Complying with Federal Motor Carrier Safety Administration rules requiring fleets to have electronic logging devices to keep track of drivers’ hours has also added expenses. “We went to ELDs three years ago, and to date it has cost about $1.2 million in hardware and in software subscriptions,” Rice said. “It’s made a huge impact, one that I believe has been needed. Nobody’s driving when they shouldn’t be, and there’s no more driving 4,000 miles a week. Computerization means there’s no errors, but it does come with a cost.”
While Mitchell backs ELD, he says enforcement of the Department of Transportation rules allowing drivers to be on duty for 11 hours in a 14-hour stretch sometimes defy common sense. He offered an example of a driver dropping off freight at 6:30 a.m. “That’s when your 14-hour clock starts, but if you sit at the dock for five hours waiting to get unloaded, you’re already down to nine hours out of your 14, so you can’t get in your 11 hours. Once you start making pickups and deliveries, it’s down to seven or eight hours a day that guys can drive.”
How Old Is Too Young?
Rice questions federal requirements that commercial interstate drivers be at least 21 and envisions high school graduates being paired with experienced drivers for training. “Take a high school graduate,” he said. “I don’t even get a glimpse of him till he’s 23 or 24, and by then he’s had two or three other jobs. There’s legislation now that would let drivers get into training where they can graduate to being a driver at 20. That would be huge. We could have older guys training the younger guys.”

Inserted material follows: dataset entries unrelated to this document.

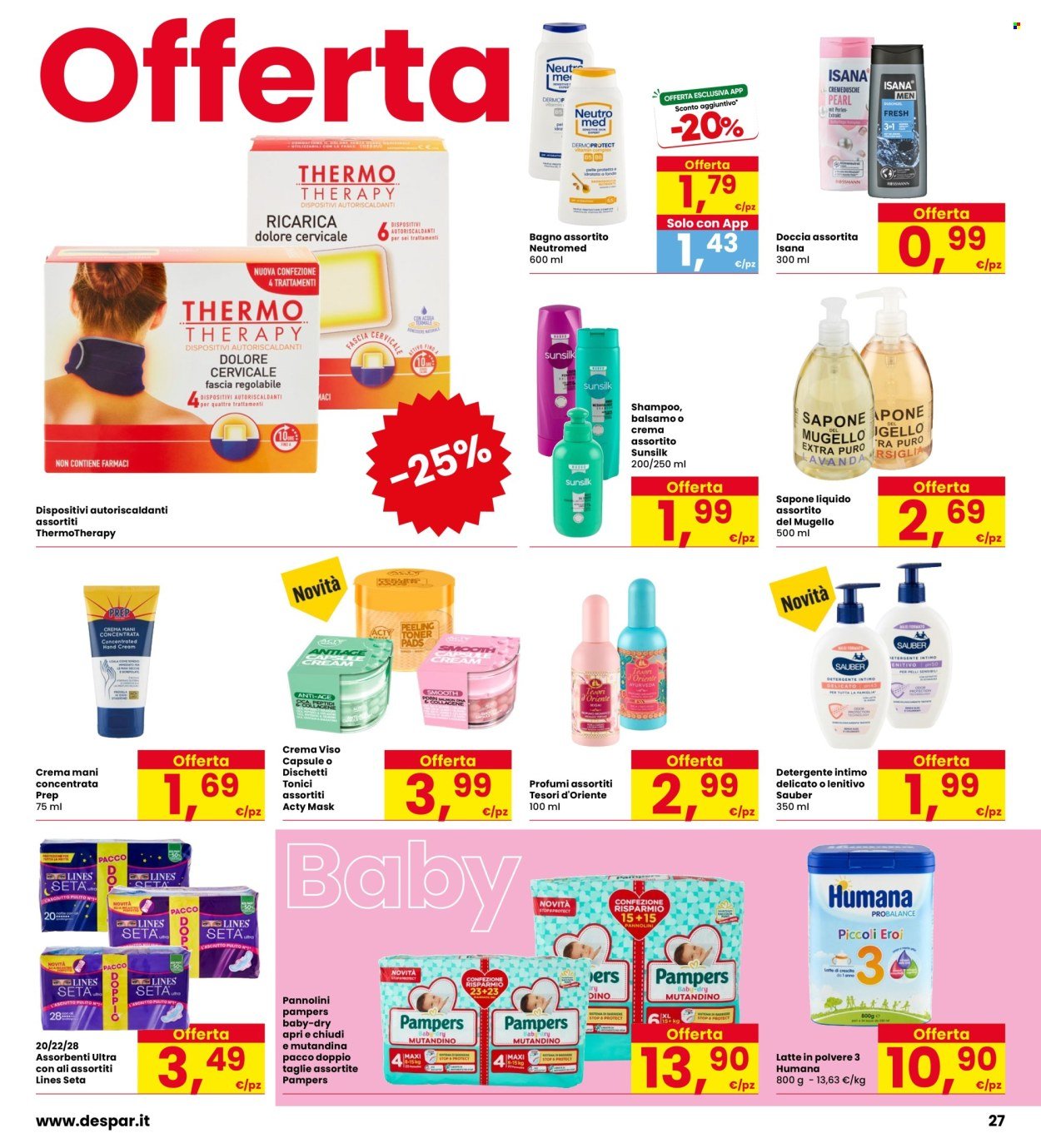 Volantino INTERSPAR - In Offerta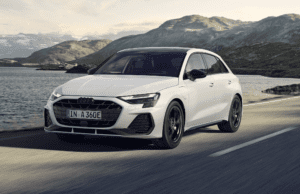 New A3 Sportback TFSI e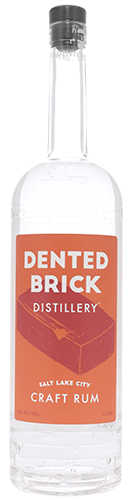 Dented Brick Craft Rum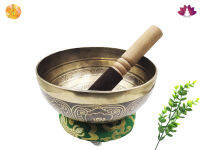 Tibetan Singing Bowl ชามร้องเพลงมาจากทิเบต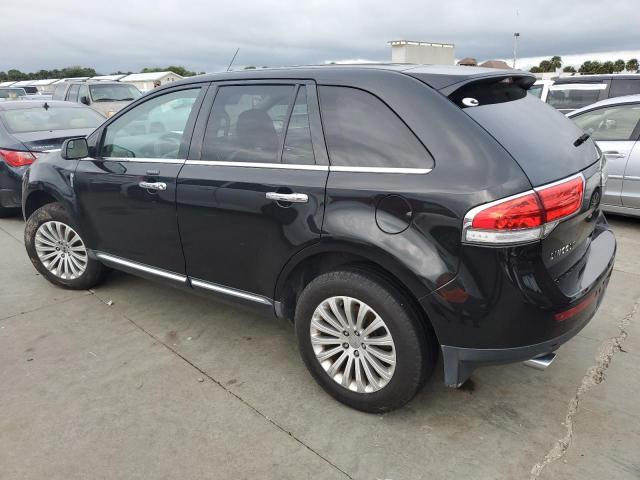 VIN 2LMDJ6JK7FBL27391 2015 LINCOLN MKX no.2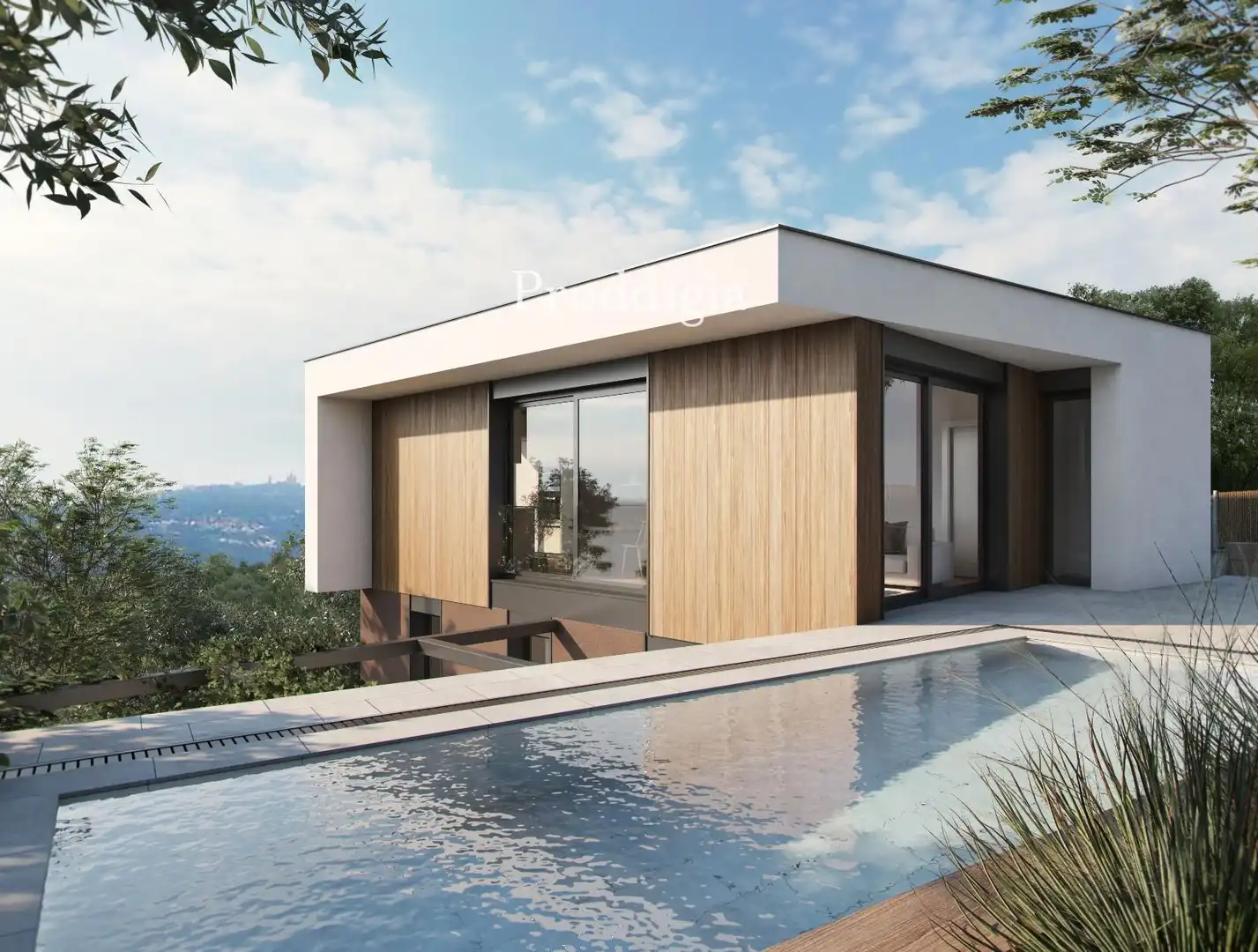 Casa o chalet en venta en La Floresta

The American Trucking Associations’ chief economist, Bob Costello, said that keeping trucking off limits to potential drivers coming out of high school turns them toward construction work, manufacturing or other industries that don’t require college.
“I really love Butch’s idea for training younger drivers,” Clifford said. “Of course he has a different size fleet and could spare older drivers to ride with trainees. I won’t say I’d want to see 18-year-olds out alone driving an 80,000-pound missile down the road, but I wouldn’t mind that teenager being with a trainer for a couple of years.”
Mitchell said safety is the highest priority. “Most trucking companies are geared for safety for the simple fact of the way our nation is. It’s a sue-happy nation, so the last thing we want is to be involved in an accident.”
Both Rice and Mitchell said driverless rigs piloted by technology aren’t likely to hit the roadways anytime soon, though Rice said a push for “autonomous” technology might bear fruit. “Autonomous systems still have a driver in the truck,” though sensors around the truck keep it on course. “Public perception would be the biggest hurdle, but even the discussion is a sign of an industry being pushed hard.”
Asked in an email follow-up whether driverless trucks are on the horizon, Mitchell replied succinctly: “I sure hope not!!!!”